*WHAT TO PRODUCE:* Begin at the line below that has "Volkswagen Touareg I" and stop after the line that has "12, Webb, Painswick North, Barrie". Please restate only those lines, word for word.

*DATA EXTRACTS:*
++++++++

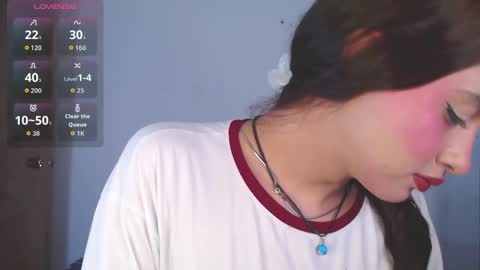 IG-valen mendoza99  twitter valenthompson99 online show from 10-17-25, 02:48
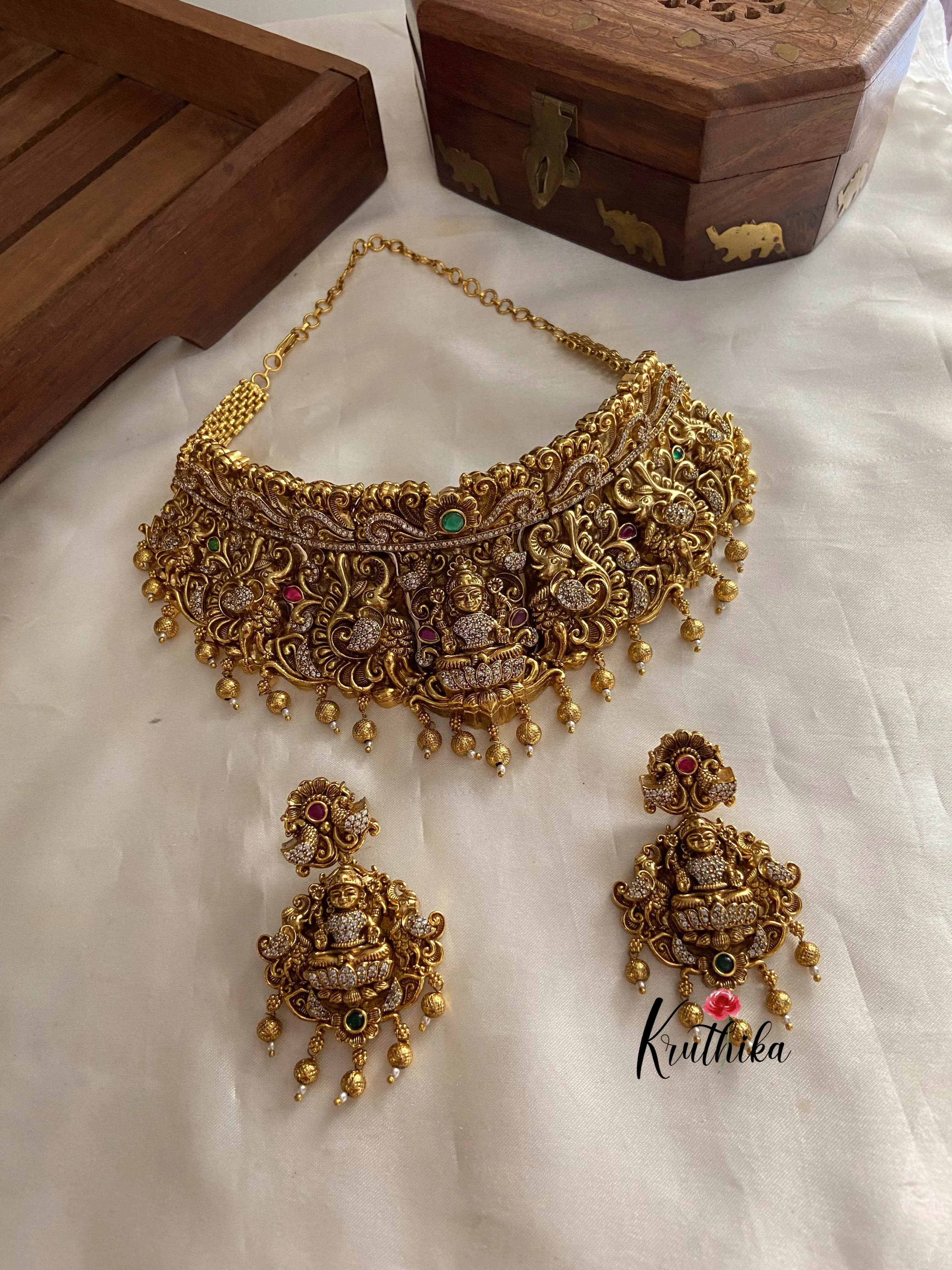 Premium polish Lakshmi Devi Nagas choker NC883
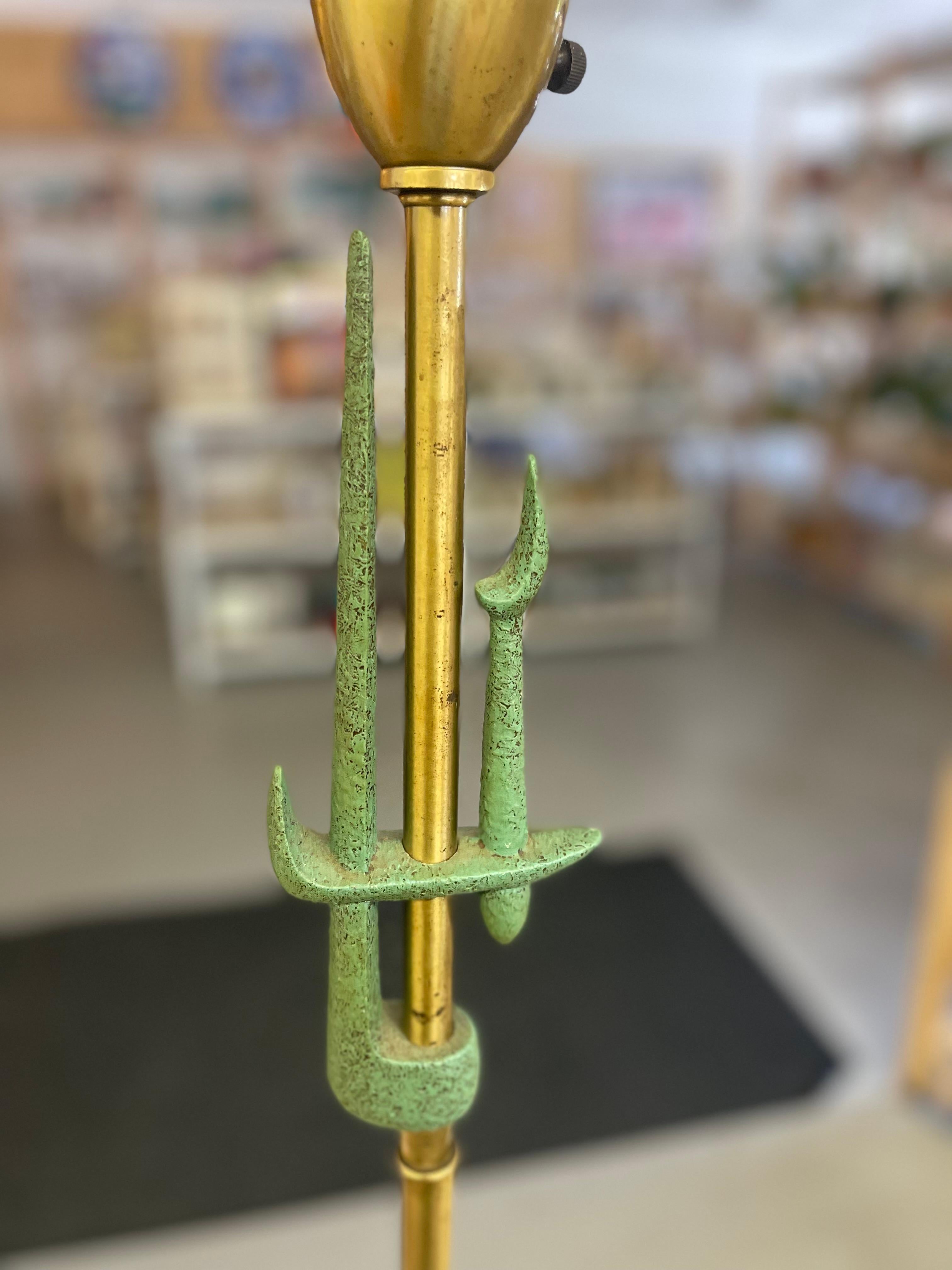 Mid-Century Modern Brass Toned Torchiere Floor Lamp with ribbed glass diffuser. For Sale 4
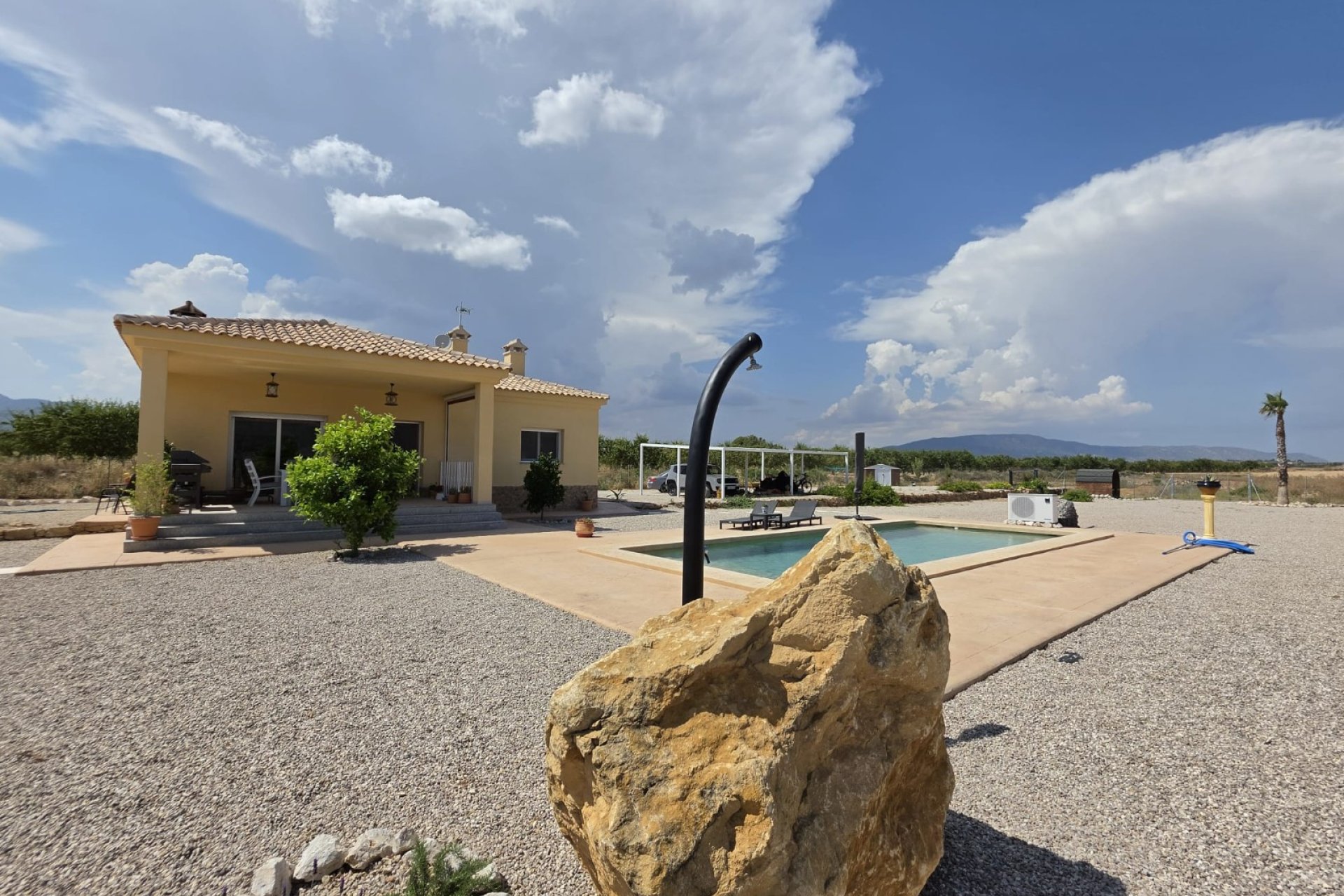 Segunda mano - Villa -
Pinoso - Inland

++++++++

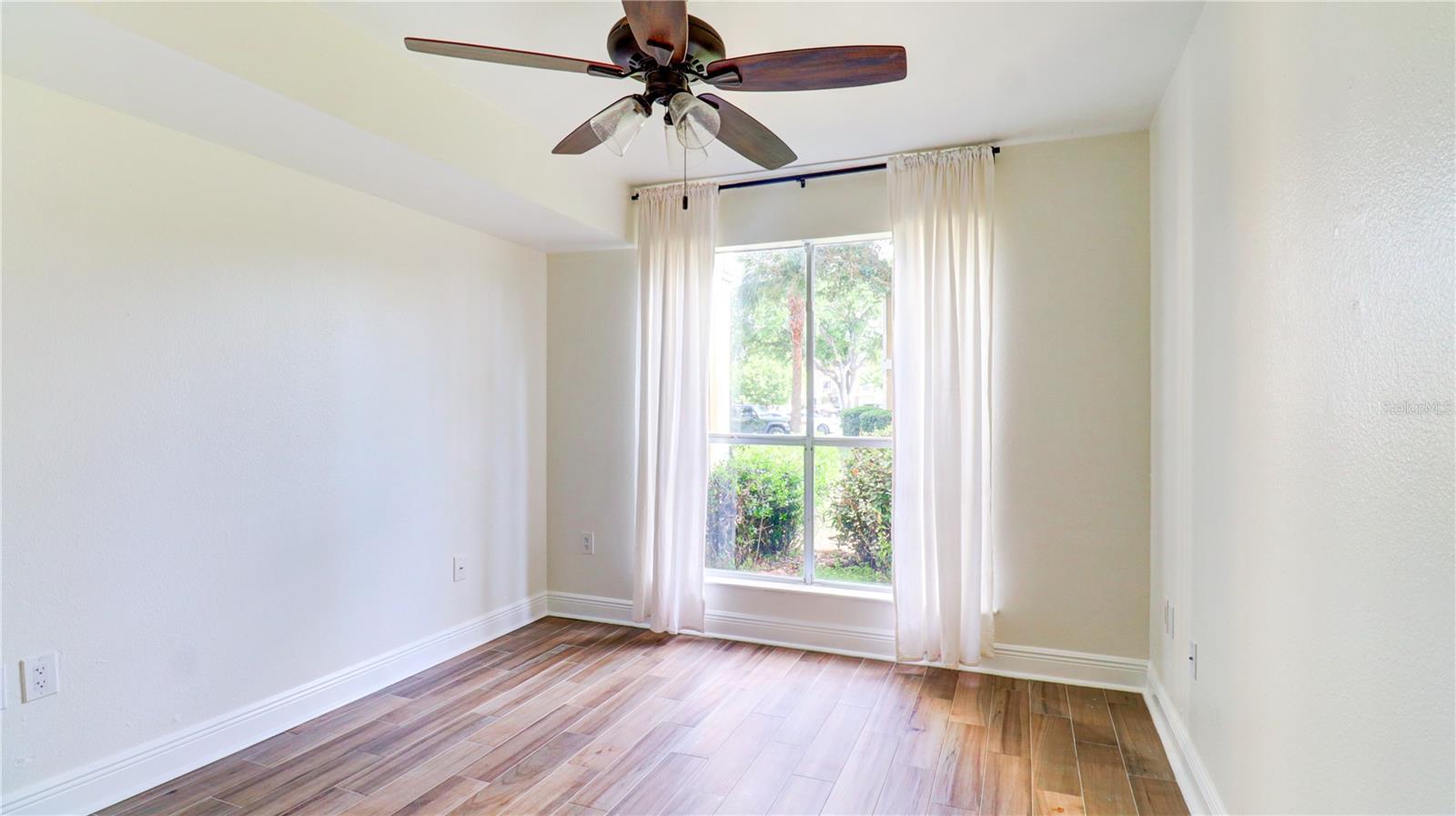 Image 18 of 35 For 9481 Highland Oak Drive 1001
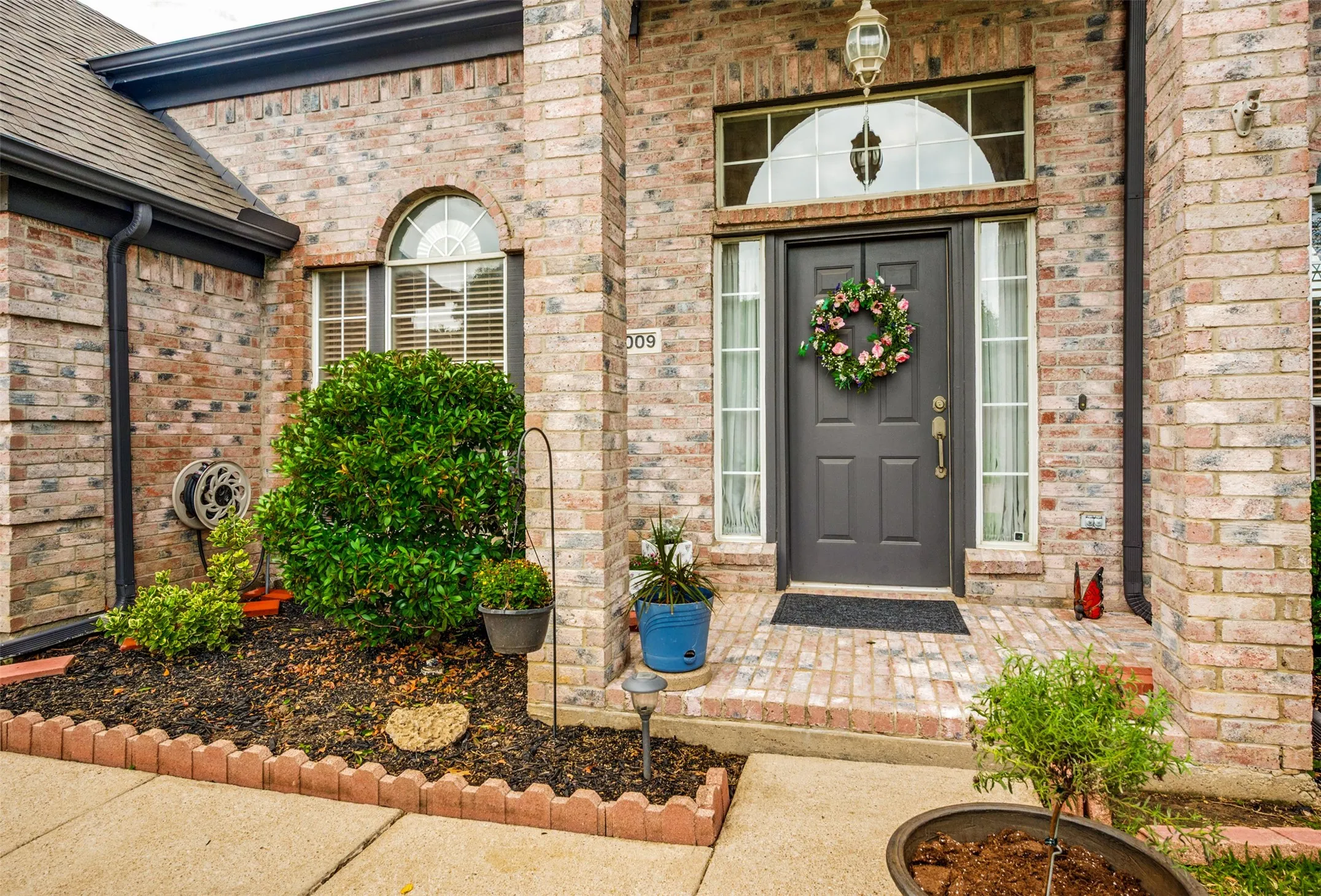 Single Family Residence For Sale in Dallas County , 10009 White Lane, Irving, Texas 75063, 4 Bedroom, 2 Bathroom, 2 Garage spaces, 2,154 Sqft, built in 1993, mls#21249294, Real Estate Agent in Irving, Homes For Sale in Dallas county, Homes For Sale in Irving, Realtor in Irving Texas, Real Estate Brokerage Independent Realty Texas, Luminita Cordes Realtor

++++++++

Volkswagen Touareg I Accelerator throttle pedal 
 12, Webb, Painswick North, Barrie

++++++++

*RESULT FOR THIS EXERCISE:*
Volkswagen Touareg I Accelerator throttle pedal 
 12, Webb, Painswick North, Barrie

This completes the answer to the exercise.